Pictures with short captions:
--- START ---
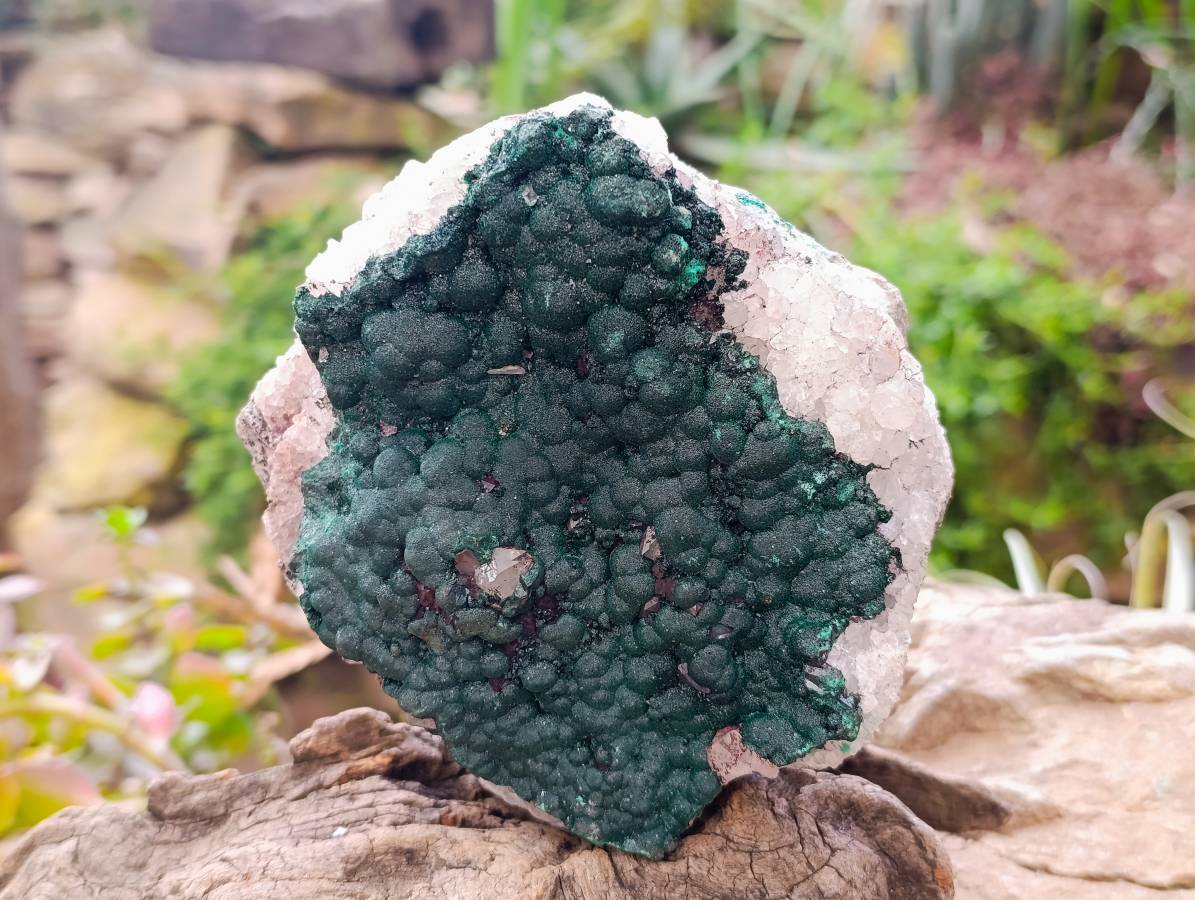 Natural Ball Malachite and Drusy Quartz On Dolomite Matrix Specimens x 1 From Kambove, Congo - Toprock Gemstones and Minerals 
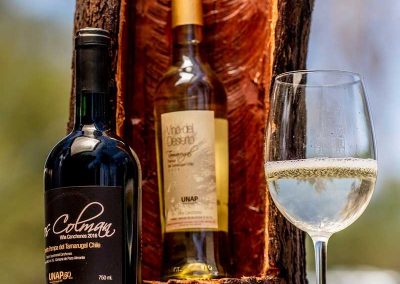 Tour ruta del Vino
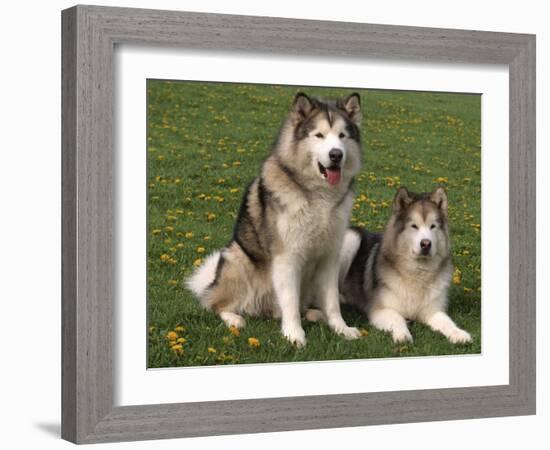 Two Alaskan Malamute Dogs, USA-Lynn M. Stone-Framed Photographic Print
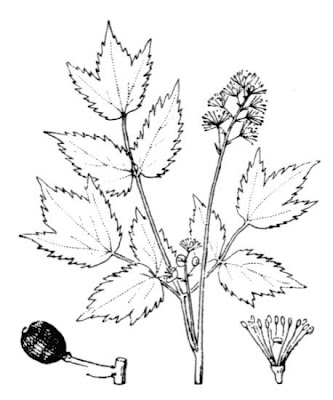 Actaea spicata L.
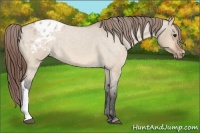 Horse Color:Bay Roan Dun Appaloosa 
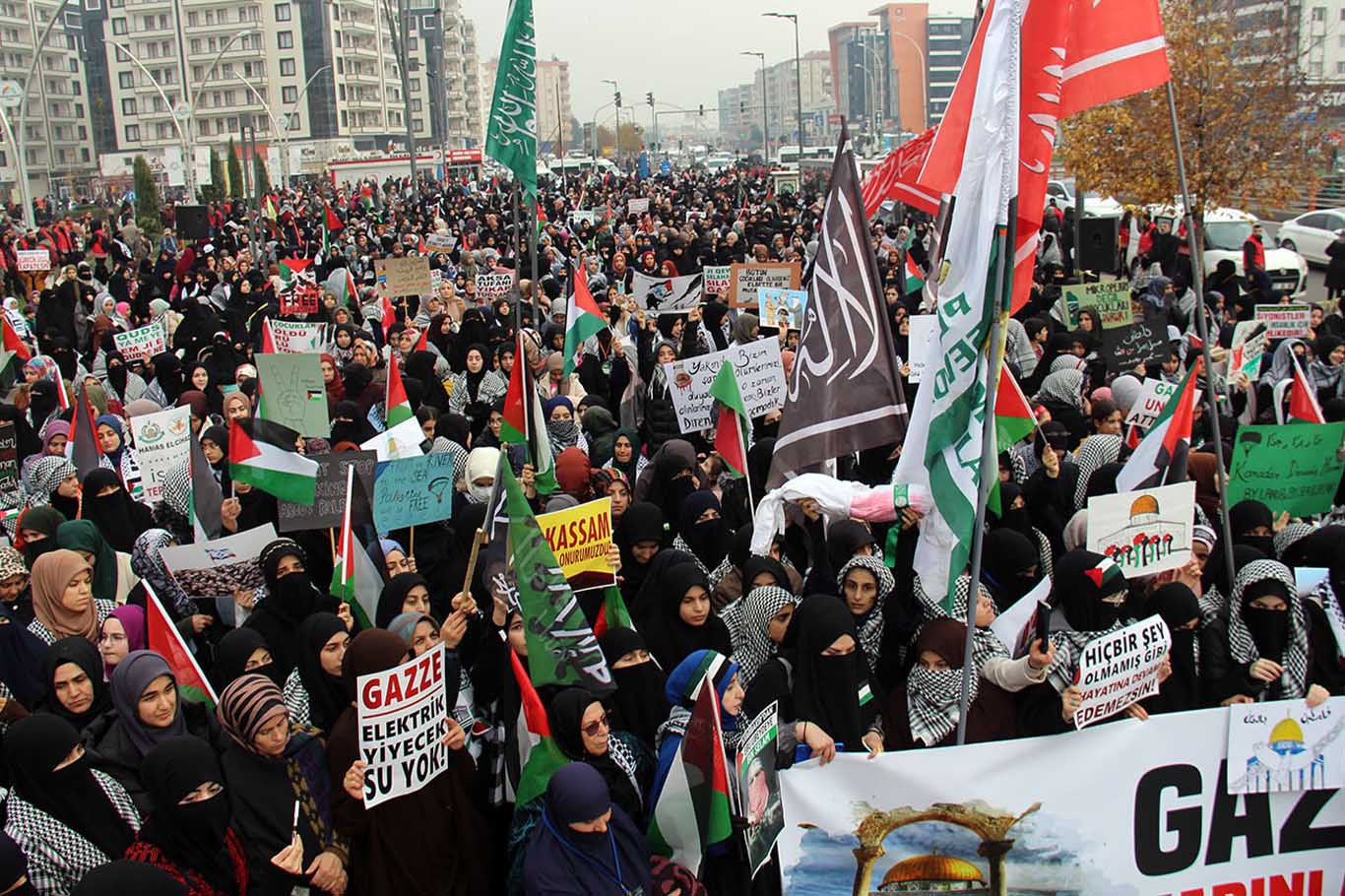 Diyarbakır’da Kadınlardan Gazze Yürüyüşü 22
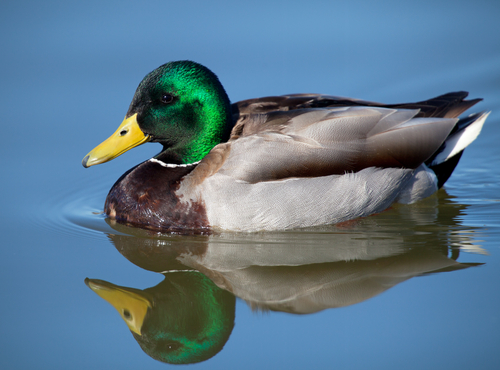 mallard drake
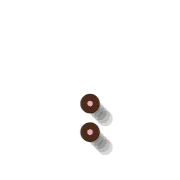 244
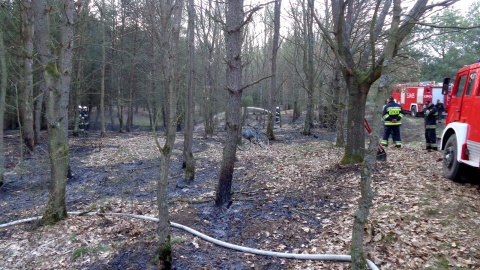 Pożar ściółki w lesie w Nowych Krąplewicach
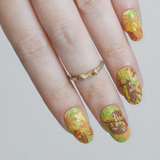 MANI-STMP-RAINFOREST SECRETS M709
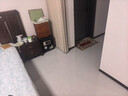 京东家政 【2小时保洁单次服务】家政保洁上门服务 京东保洁家庭清洁 适用面积＜55平米 实拍图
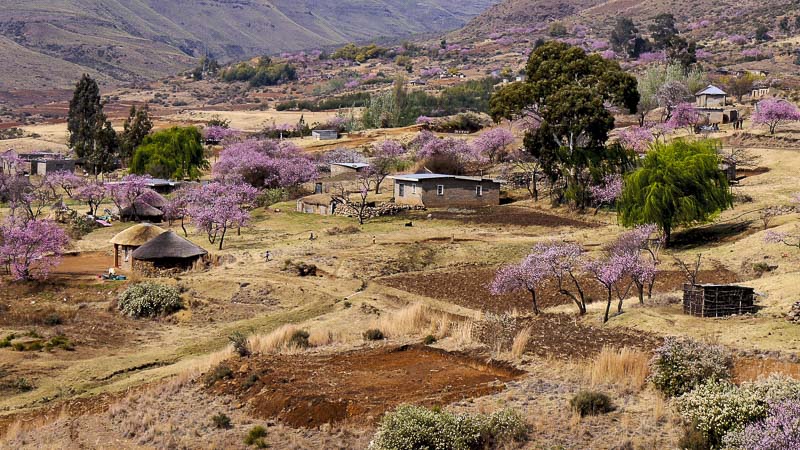 Pfirsichblüte in Lesotho, Foto: Pixabay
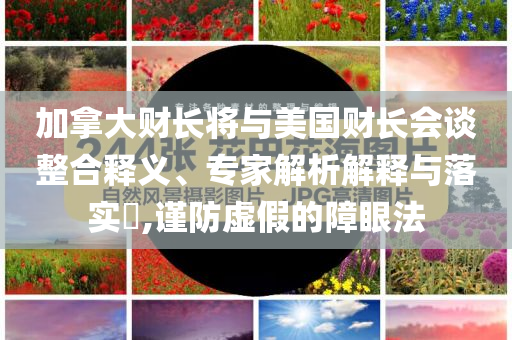 加拿大財長將與美國財長會談整合釋義、專家解析解釋與落實?,謹防虛假的障眼法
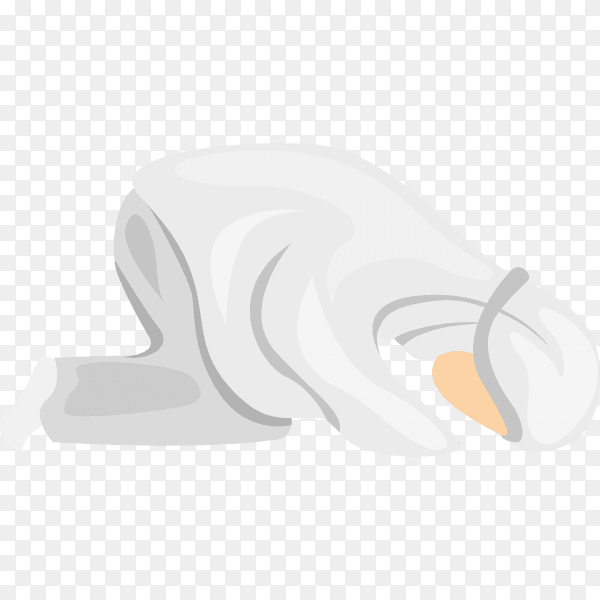 Muslim female praying and Prostrate in prayer on transparent background PNG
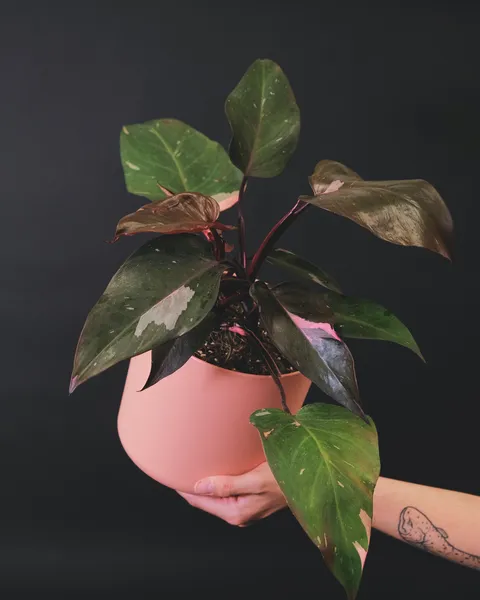 Pink Princess In Girl's Pink Pot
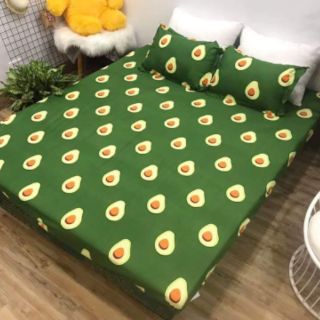 Ga gối chun cotton poly (3 món)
--- END ---
## [HOW TO COMPLETE THIS TASK]
The output has to match the data above line for line, except that pictures are dropped.

## [OUTPUT OF THE EXERCISE]
 Natural Ball Malachite and Drusy Quartz On Dolomite Matrix Specimens x 1 From Kambove, Congo - Toprock Gemstones and Minerals 
 Tour ruta del Vino
 Two Alaskan Malamute Dogs, USA-Lynn M. Stone-Framed Photographic Print
 Actaea spicata L.
 Horse Color:Bay Roan Dun Appaloosa 
 Diyarbakır’da Kadınlardan Gazze Yürüyüşü 22
 mallard drake
 244
 Pożar ściółki w lesie w Nowych Krąplewicach
 MANI-STMP-RAINFOREST SECRETS M709
 京东家政 【2小时保洁单次服务】家政保洁上门服务 京东保洁家庭清洁 适用面积＜55平米 实拍图
 Pfirsichblüte in Lesotho, Foto: Pixabay
 加拿大財長將與美國財長會談整合釋義、專家解析解釋與落實?,謹防虛假的障眼法
 Muslim female praying and Prostrate in prayer on transparent background PNG
 Pink Princess In Girl's Pink Pot
 Ga gối chun cotton poly (3 món)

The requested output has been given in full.